* RECORDS SHOWN:
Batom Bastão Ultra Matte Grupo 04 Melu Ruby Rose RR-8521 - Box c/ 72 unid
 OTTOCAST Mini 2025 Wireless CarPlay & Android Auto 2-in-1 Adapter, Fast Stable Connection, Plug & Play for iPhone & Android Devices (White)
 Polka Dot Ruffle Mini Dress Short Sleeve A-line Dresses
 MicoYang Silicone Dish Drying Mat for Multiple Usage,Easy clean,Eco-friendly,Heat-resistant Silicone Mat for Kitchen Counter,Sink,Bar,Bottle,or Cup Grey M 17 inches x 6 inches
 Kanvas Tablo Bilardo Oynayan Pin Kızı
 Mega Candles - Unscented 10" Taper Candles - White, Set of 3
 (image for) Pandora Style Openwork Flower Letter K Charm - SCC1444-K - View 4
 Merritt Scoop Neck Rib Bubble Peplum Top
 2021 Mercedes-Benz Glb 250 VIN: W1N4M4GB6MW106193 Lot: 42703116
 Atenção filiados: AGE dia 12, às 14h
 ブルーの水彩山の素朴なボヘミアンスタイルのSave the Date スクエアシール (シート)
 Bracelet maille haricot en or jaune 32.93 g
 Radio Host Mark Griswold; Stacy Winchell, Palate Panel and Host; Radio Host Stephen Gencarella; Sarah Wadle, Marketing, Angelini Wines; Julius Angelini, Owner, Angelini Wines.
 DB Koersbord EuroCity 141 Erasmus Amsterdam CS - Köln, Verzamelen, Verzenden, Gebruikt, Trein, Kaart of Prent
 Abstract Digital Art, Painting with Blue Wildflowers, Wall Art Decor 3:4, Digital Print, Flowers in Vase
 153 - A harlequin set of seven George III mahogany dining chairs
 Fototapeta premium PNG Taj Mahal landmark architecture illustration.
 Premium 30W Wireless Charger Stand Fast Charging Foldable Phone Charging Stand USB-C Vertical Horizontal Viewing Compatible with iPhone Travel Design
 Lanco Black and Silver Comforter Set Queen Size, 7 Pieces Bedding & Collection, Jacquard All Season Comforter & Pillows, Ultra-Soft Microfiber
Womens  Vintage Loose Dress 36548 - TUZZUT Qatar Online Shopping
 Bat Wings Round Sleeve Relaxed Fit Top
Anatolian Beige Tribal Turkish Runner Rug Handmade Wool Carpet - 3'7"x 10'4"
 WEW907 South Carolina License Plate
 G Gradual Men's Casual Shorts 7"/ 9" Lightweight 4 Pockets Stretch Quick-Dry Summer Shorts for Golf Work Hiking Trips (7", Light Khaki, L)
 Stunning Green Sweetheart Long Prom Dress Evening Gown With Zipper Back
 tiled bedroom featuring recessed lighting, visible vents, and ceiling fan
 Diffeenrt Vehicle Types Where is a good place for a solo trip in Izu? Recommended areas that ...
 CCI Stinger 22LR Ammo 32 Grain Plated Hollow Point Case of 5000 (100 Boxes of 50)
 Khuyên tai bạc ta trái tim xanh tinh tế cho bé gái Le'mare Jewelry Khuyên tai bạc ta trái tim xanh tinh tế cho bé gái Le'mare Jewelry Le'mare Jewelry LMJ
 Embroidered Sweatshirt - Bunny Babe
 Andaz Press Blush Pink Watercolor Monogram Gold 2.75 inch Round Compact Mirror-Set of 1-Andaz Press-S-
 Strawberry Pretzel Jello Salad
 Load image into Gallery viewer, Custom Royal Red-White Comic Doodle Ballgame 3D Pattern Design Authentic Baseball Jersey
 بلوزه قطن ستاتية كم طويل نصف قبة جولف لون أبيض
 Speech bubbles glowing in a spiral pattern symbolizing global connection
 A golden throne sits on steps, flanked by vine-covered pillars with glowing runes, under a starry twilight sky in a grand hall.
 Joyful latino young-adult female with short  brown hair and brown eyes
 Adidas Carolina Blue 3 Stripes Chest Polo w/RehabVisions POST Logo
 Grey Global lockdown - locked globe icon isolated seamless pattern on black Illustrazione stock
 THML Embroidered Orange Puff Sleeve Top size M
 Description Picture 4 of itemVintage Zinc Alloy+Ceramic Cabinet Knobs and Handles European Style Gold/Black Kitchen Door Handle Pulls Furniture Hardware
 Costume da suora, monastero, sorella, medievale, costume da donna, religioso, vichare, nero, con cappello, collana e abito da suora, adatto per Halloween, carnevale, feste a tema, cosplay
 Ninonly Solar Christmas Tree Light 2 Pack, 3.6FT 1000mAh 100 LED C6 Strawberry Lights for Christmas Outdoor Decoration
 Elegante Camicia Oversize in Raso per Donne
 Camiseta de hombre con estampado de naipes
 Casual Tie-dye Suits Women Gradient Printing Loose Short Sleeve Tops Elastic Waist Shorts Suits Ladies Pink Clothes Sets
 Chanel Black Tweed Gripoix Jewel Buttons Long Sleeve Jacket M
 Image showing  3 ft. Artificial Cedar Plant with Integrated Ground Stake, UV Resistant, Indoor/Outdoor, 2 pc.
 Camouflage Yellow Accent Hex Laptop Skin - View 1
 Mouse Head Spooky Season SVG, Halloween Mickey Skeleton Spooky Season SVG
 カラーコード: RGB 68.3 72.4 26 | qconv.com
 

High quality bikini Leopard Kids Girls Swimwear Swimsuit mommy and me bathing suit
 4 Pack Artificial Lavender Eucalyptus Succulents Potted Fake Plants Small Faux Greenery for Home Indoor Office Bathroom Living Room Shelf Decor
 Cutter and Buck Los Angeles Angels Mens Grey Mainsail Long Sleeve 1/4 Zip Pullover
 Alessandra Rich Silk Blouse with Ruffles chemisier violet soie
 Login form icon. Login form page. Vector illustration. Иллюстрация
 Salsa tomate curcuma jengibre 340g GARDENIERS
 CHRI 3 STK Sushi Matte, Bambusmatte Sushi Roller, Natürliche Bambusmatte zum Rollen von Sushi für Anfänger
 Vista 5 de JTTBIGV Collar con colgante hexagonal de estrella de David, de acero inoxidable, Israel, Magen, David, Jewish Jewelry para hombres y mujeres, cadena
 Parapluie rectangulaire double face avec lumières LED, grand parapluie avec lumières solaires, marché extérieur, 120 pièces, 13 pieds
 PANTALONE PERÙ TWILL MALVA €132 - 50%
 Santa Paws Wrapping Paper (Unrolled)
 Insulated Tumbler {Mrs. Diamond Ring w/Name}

* WHAT TO PRODUCE: Above are some lines. Repeat exactly, and only, those from the line that has "Kanvas Tablo Bilardo Oynayan Pin Kızı" through the line that has "Premium 30W Wireless".

* RESPONSE TO THE TASK:
 Kanvas Tablo Bilardo Oynayan Pin Kızı
 Mega Candles - Unscented 10" Taper Candles - White, Set of 3
 (image for) Pandora Style Openwork Flower Letter K Charm - SCC1444-K - View 4
 Merritt Scoop Neck Rib Bubble Peplum Top
 2021 Mercedes-Benz Glb 250 VIN: W1N4M4GB6MW106193 Lot: 42703116
 Atenção filiados: AGE dia 12, às 14h
 ブルーの水彩山の素朴なボヘミアンスタイルのSave the Date スクエアシール (シート)
 Bracelet maille haricot en or jaune 32.93 g
 Radio Host Mark Griswold; Stacy Winchell, Palate Panel and Host; Radio Host Stephen Gencarella; Sarah Wadle, Marketing, Angelini Wines; Julius Angelini, Owner, Angelini Wines.
 DB Koersbord EuroCity 141 Erasmus Amsterdam CS - Köln, Verzamelen, Verzenden, Gebruikt, Trein, Kaart of Prent
 Abstract Digital Art, Painting with Blue Wildflowers, Wall Art Decor 3:4, Digital Print, Flowers in Vase
 153 - A harlequin set of seven George III mahogany dining chairs
 Fototapeta premium PNG Taj Mahal landmark architecture illustration.
 Premium 30W Wireless Charger Stand Fast Charging Foldable Phone Charging Stand USB-C Vertical Horizontal Viewing Compatible with iPhone Travel Design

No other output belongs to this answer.